Practical Neural Machine Translation

Tutorial: Practical Neural Machine Translation
Presenters: Rico Sennrich and Barry Haddow


Neural Machine Translation (NMT) has achieved new breakthroughs in machine translation in recent years. It has dominated recent shared translation tasks in machine translation research, and is also being quickly adopted in industry. The technical differences between NMT and the previously dominant phrase-based statistical approach require that practictioners learn new best practices for building MT systems, ranging from different hardware requirements, new techniques for handling rare words and monolingual data, to new opportunities in continued learning and domain adaptation.

This tutorial is aimed at researchers and users of machine translation interested in working with NMT. The tutorial will cover a basic theoretical introduction to NMT, discuss the components of state-of-the-art systems, and provide practical advice for building NMT systems.


Part 1: An Introduction to Neural Machine Translation
In the first part, we will give a basic introduction to neural MT, discussing how the translation problem can be modelled via a neural network, introducing RNN language models, the attentional encoder-decoder architecture for NMT, and describe inference with greedy search and beam search.

Part 2: The State-of-the-Art in Neural Machine Translation
In the second part, we will describe the journey from a baseline attentional encoder-decoder with attention to our winning systems at WMT16, including techniques such as subword models, training with monolingual data, and bidirectional decoding. We will also provide an overview of recent analyses of NMT, highlighting its strengths and weaknesses.
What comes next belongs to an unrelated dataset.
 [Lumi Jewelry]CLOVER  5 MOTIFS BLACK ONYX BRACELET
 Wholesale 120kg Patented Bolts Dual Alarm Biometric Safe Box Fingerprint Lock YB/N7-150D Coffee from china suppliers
Part 3: Practical Advice and Open Problems
The third part will cover practical advice for building NMT systems. We will discuss aspects such as training and decoding speed on different hardware and software, ensembling strategies, continued learning and domain adaptation, and advanced features such as Minimum Risk Training or factored models. We will also discuss recent research and open problems in NMT.

About the Speakers

Rico Sennrich ( is a research associate at the Institute for Language, Cognition and Computation, University of Edinburgh. He received his PhD in Computational Linguistics from the University of Zurich in 2013, and has since worked at the University of Edinburgh. His recent research has focused on modelling linguistically challenging phenomena in machine translation, including grammaticality, productive morphology, domain effects, and pragmatic aspects. His work on syntax-based and neural machine translation has resulted in top-ranked submissions to the annual WMT shared translation task in three consecutive years.

Barry Haddow ( is a senior researcher, also at the Institute for Language, Cognition and Computation, University of Edinburgh, where he has worked since 2005. His research in machine translation has covered discriminative training, domain adaptation and evaluation, and most recently neural MT. He is the lead organiser of the Conference (formerly Workshop) in Machine Translation, and its associated shared tasks.